GC help

I am still running out of memory with my ruby application. For some
reason,
there are objects that are not getting reclaimed long after their use is
up.
I understand the mark and sweep GC algorithm. Is there a method in Ruby
to
set an object’s memory space to be collected?

Joey M. wrote:

I am still running out of memory with my ruby application. For some reason,
there are objects that are not getting reclaimed long after their use is up.
I understand the mark and sweep GC algorithm. Is there a method in Ruby to
set an object’s memory space to be collected?

Ruby’s GC will eventually collect unreferenced objects without any
intervention on your part. It may not collect them on the first sweep,
but it will collect them. You can force GC to run earlier than normal by
calling GC.start, but that doesn’t necessarily mean that every
unreferenced object will be collected on that sweep.

In one of your earlier posts you said you were using a 3rd-party
library? Have you determined that it’s not responsible for the memory
allocations?

Have you determined that no references exist to objects that you think
should have been cleaned up?

I found out it is not the 3rd party code. I am downloading images
(~320,000
ct.) as strings, and saving each to a file. The file handlers are
getting
closed. Using the Dike gem, I think I determined the bulk of the leaked
memory is in these string variables. But what I don’t understand is that
the
variables containing the strings are local to a method of an object and
should be unreferenced when that method is done, right? I’ve invoked GC
at
the end of the method and after each iteration that the method gets
called.
I’ve even set the strings to nil after they’ve been saved to a file and
before gc is called. The app is using 2G of ram and 4G of swap before it
runs of out memory and crashes about 1/3rd of the way through. I’m
really
starting to doubt Ruby’s ability to do memory intensive work. Any ideas?

Joey M. wrote:

I found out it is not the 3rd party code. I am downloading images (~320,000
ct.) as strings, and saving each to a file.

Why? If the images come from the Internet and go to disk, why do you
need to read them into Ruby working storage? Can’t you just shell out to
“wget” or “curl”?

Good question, unfortunately this is not a simple HTTP server. It’s an
industry standard client/server communication called RETS. Real Estate
Transaction Standard. It requires a third party library in order to
interface with the server. I wish it were that simple!!
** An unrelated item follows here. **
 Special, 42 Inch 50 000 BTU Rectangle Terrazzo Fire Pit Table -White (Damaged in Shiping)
On Sun, Mar 30, 2008 at 8:16 PM, M. Edward (Ed) Borasky
[email protected]

Joey M. wrote:

starting to doubt Ruby’s ability to do memory intensive work. Any ideas?
Many people have used Ruby for long-running tasks that use a lot of
memory. If Ruby was not collecting unused strings, don’t you think
somebody would have noticed it by now?

Actually, I think you’ve ruled out Ruby being the problem. What else is
running? Could it be using up the memory?

From: “Joey M.” [email protected]

runs of out memory and crashes about 1/3rd of the way through. I’m really
starting to doubt Ruby’s ability to do memory intensive work. Any ideas?
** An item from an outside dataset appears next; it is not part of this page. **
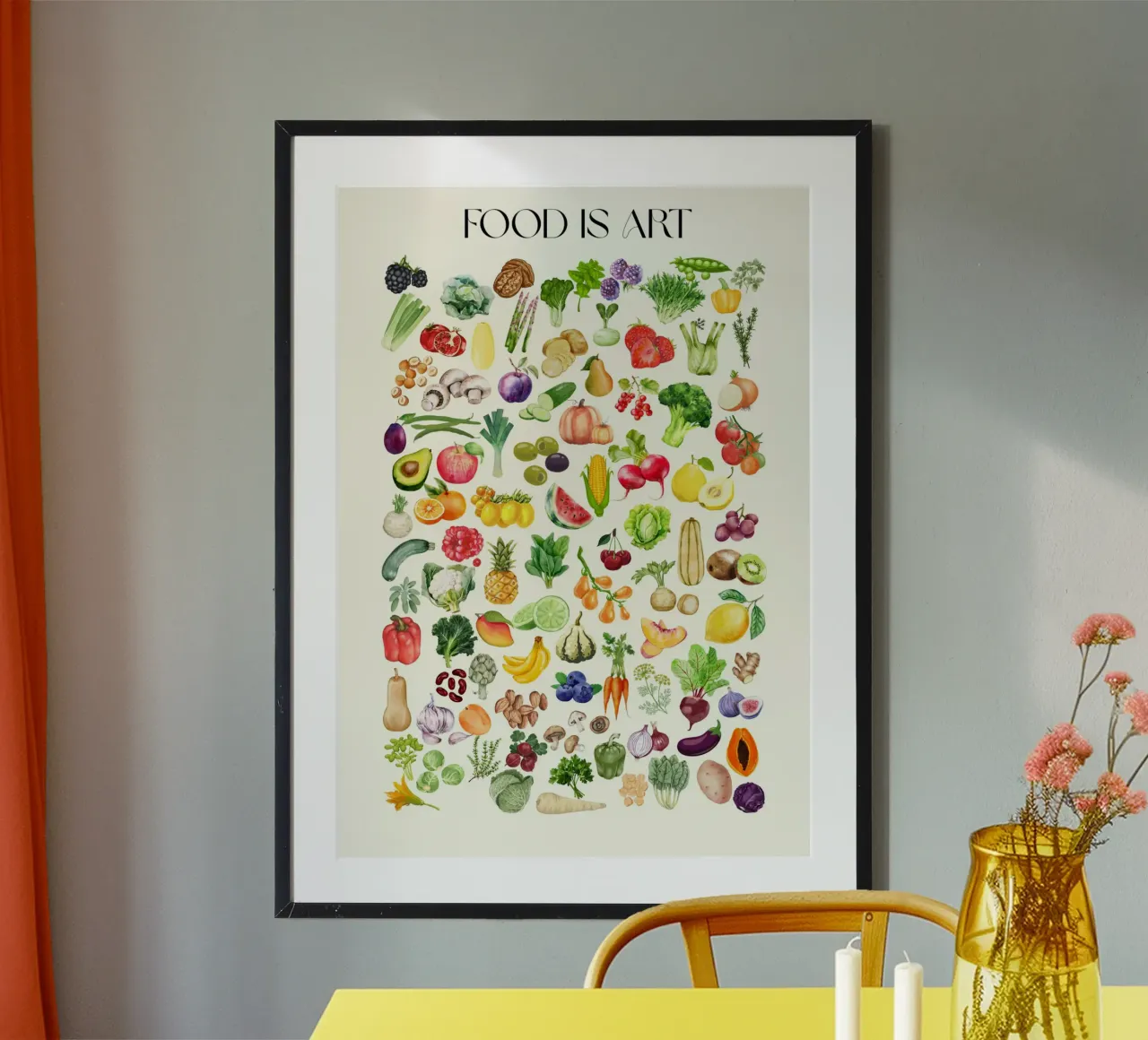 Food is Art – Das große Obst- & Gemüse-Wimmelbild poster con telaio in legno da Grünkraftwerk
Do you have a small bit of code that reproduces the problem?

How are you downloading the images? Net::HTTP ? Or…?

If you can provide a small program that exhibits the memory
leak I’m sure others here would be happy to try it on their
systems as well.

Regards,

Bill

On Sun, Mar 30, 2008 at 5:07 PM, Joey M. [email protected]
wrote:

I found out it is not the 3rd party code. I am downloading images (~320,000
ct.) as strings, and saving each to a file. The file handlers are getting
closed. Using the Dike gem, I think I determined the bulk of the leaked
memory is in these string variables. But what I don’t understand is that the
variables containing the strings are local to a method of an object and
should be unreferenced when that method is done, right?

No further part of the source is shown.